#### WHAT YOU WILL DO:
Please restate the entries below word for word, leaving out any pictures.

-----

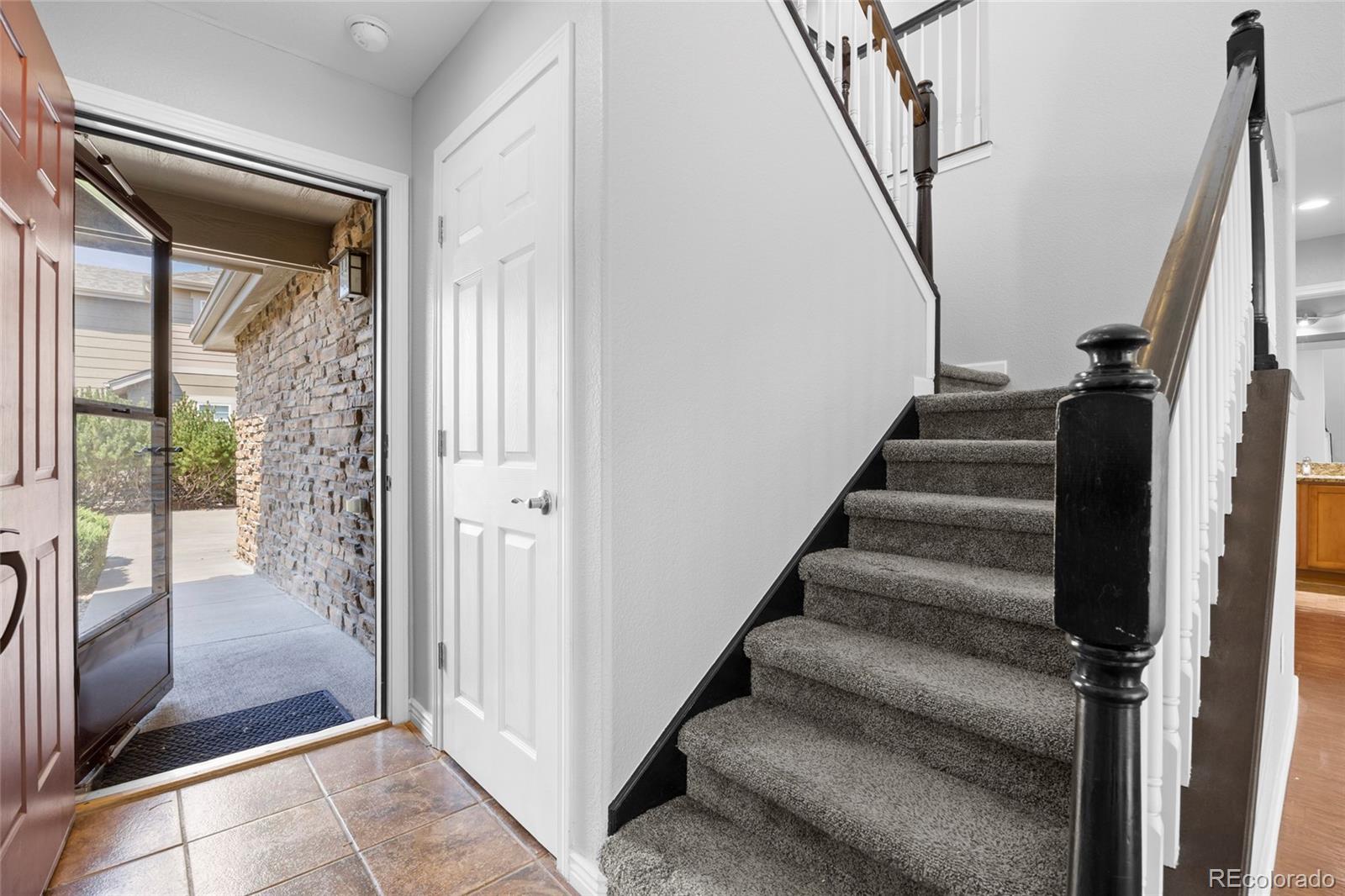 MLS Image #3 for 7601 s quatar way,aurora, Colorado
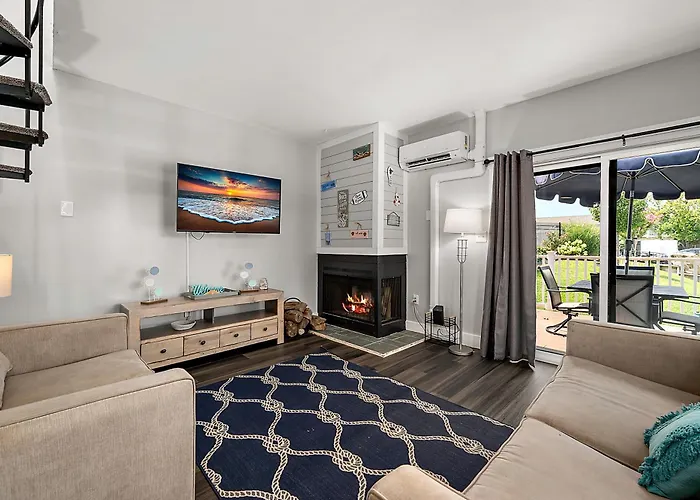 Renovated 2 Bedroom, 2 Floor With Spiral Staircase Ocean Stadt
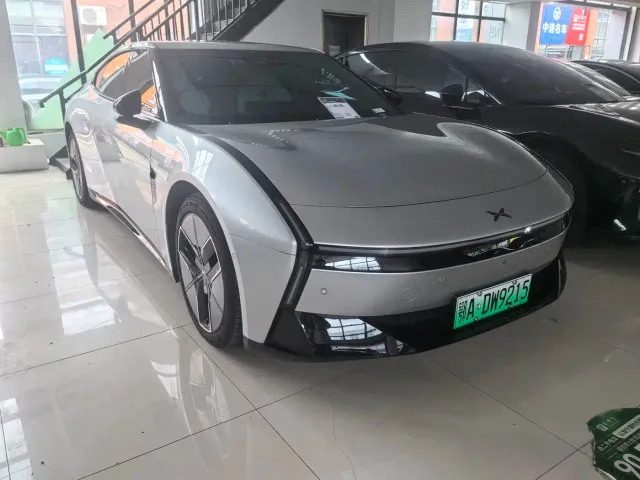 Xpeng P7 — Фото автомобиля 3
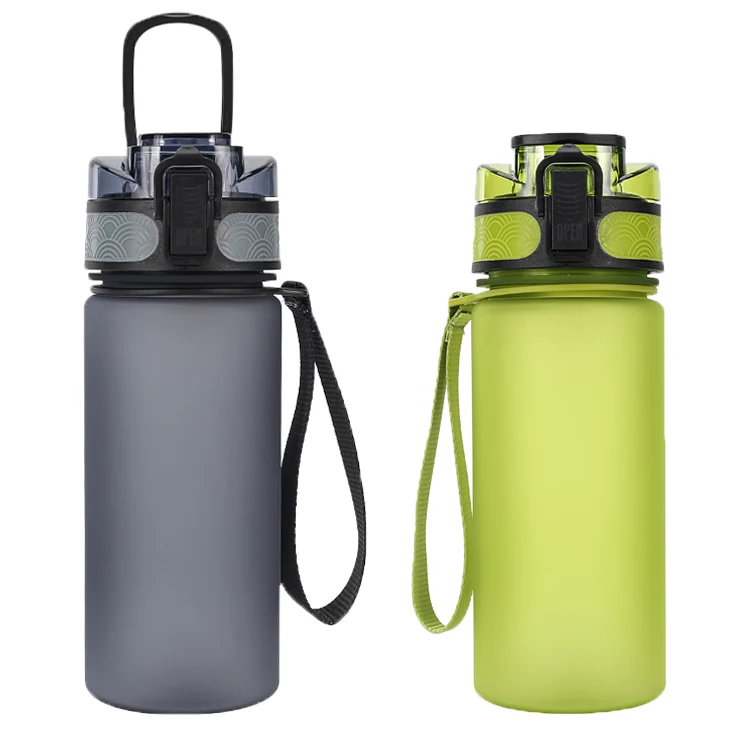 

2020amazon hot sellers 700ml Dust cover BPA Free Portable Plastic Water Bottles Tritan material cup cover leakproof customized, Customized color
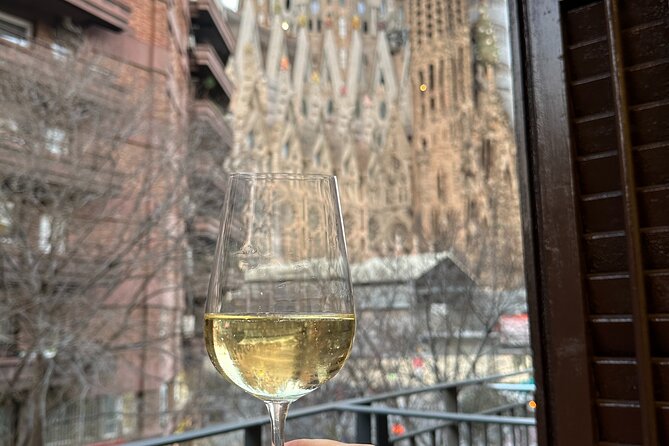 Wine tasting with a view of the Sagrada Familia - Who will enjoy this Barcelona tasting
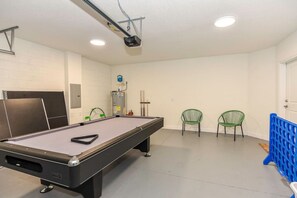 Gameroom with Pool Table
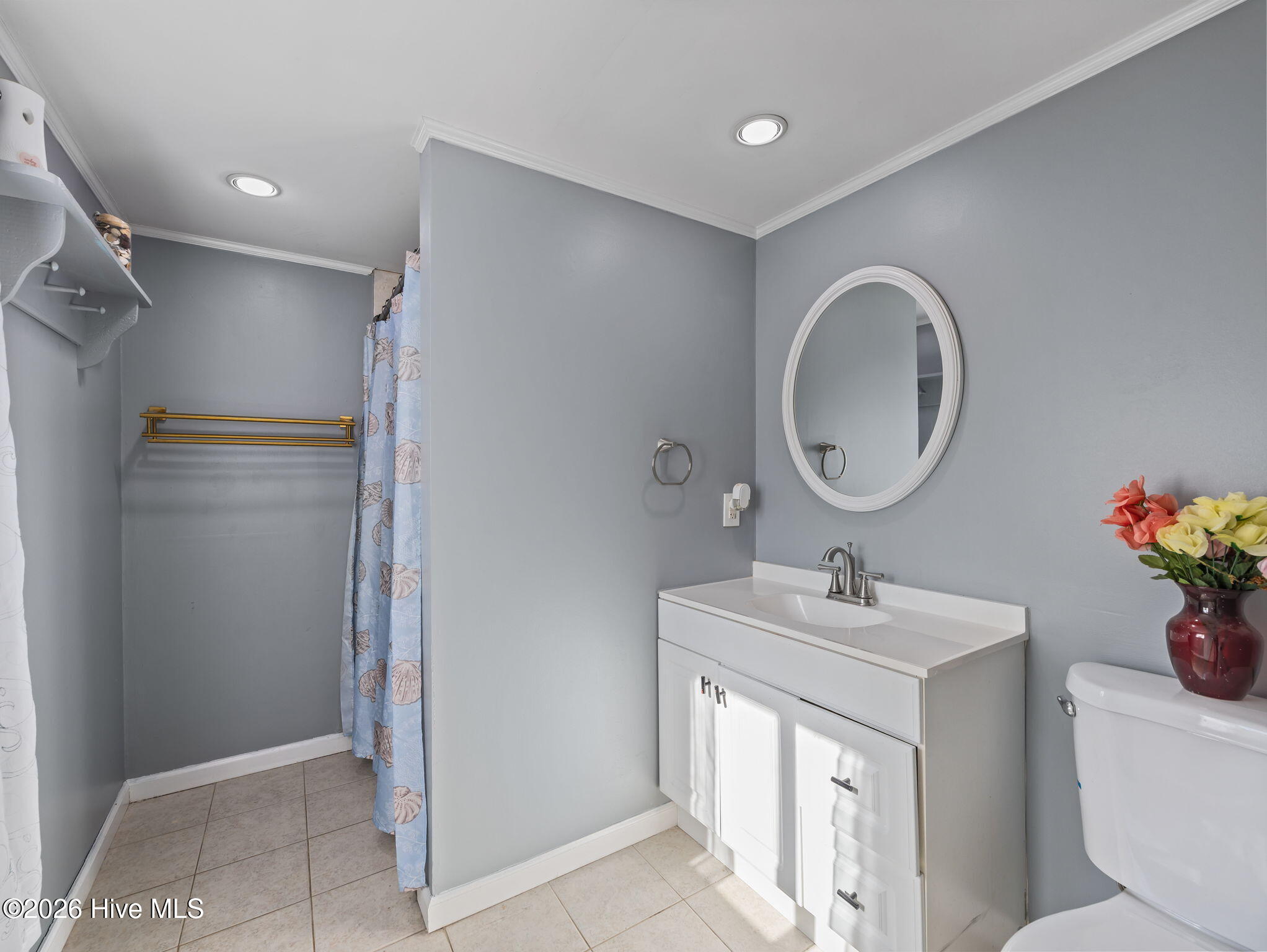 100563356 | Photo 15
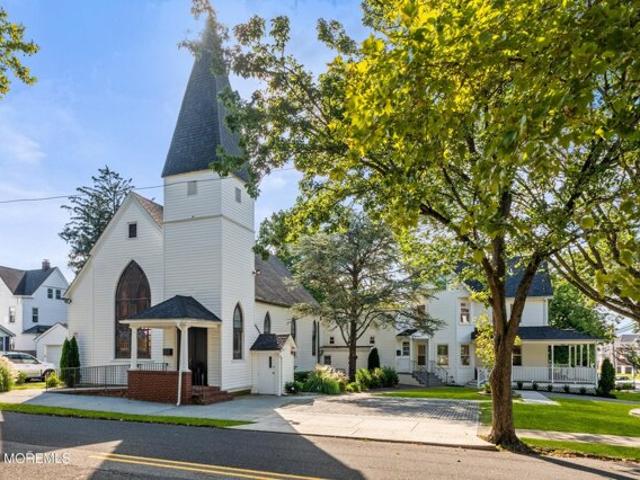 House for sale in Atlantic Highlands, New Jersey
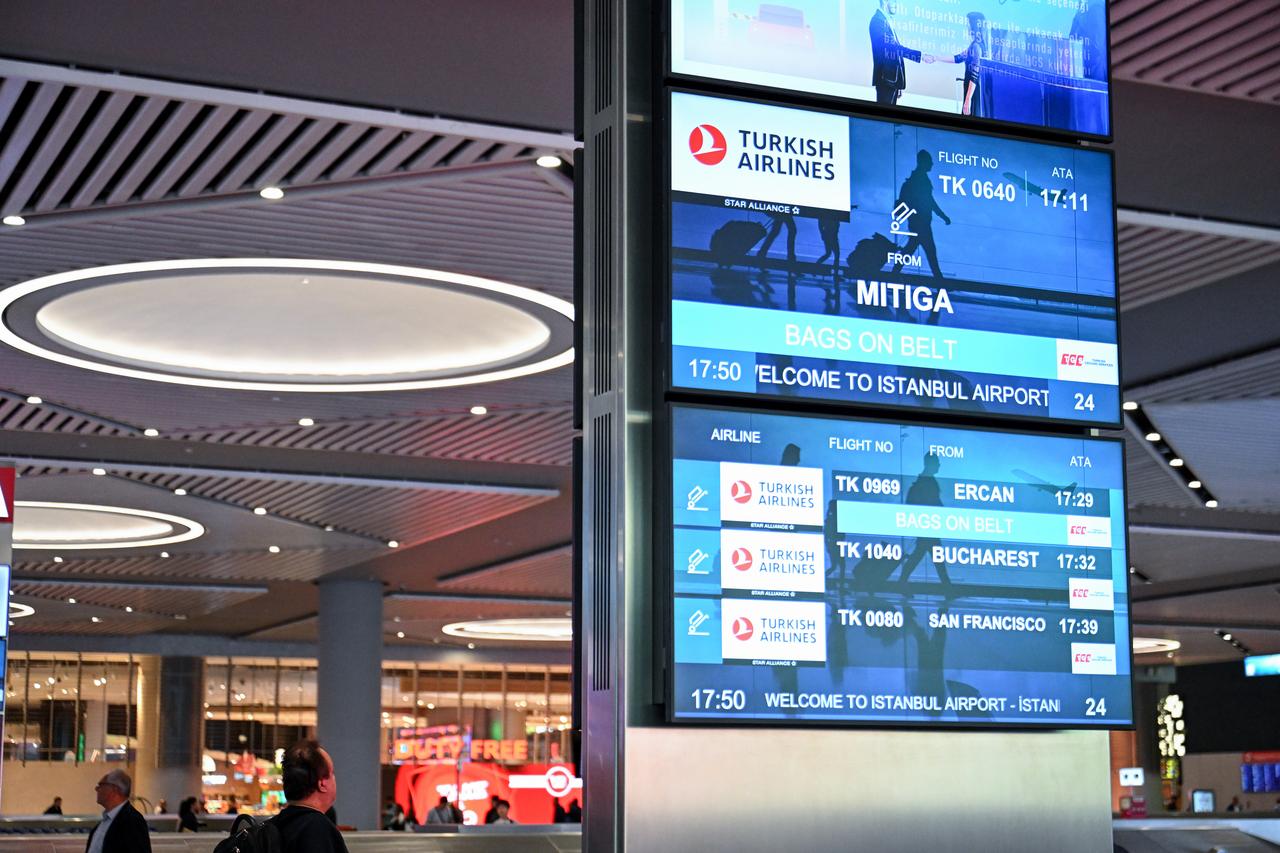 The first plane carrying Turkish citizens who want to leave the Libyan capital Tripoli has landed at Istanbul Airport on 16 May, 2025. (AA Photo)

-----

#### ANSWER:
 MLS Image #3 for 7601 s quatar way,aurora, Colorado
 Renovated 2 Bedroom, 2 Floor With Spiral Staircase Ocean Stadt
 Xpeng P7 — Фото автомобиля 3

2020amazon hot sellers 700ml Dust cover BPA Free Portable Plastic Water Bottles Tritan material cup cover leakproof customized, Customized color
 Wine tasting with a view of the Sagrada Familia - Who will enjoy this Barcelona tasting
 Gameroom with Pool Table
 100563356 | Photo 15
 House for sale in Atlantic Highlands, New Jersey
 The first plane carrying Turkish citizens who want to leave the Libyan capital Tripoli has landed at Istanbul Airport on 16 May, 2025. (AA Photo)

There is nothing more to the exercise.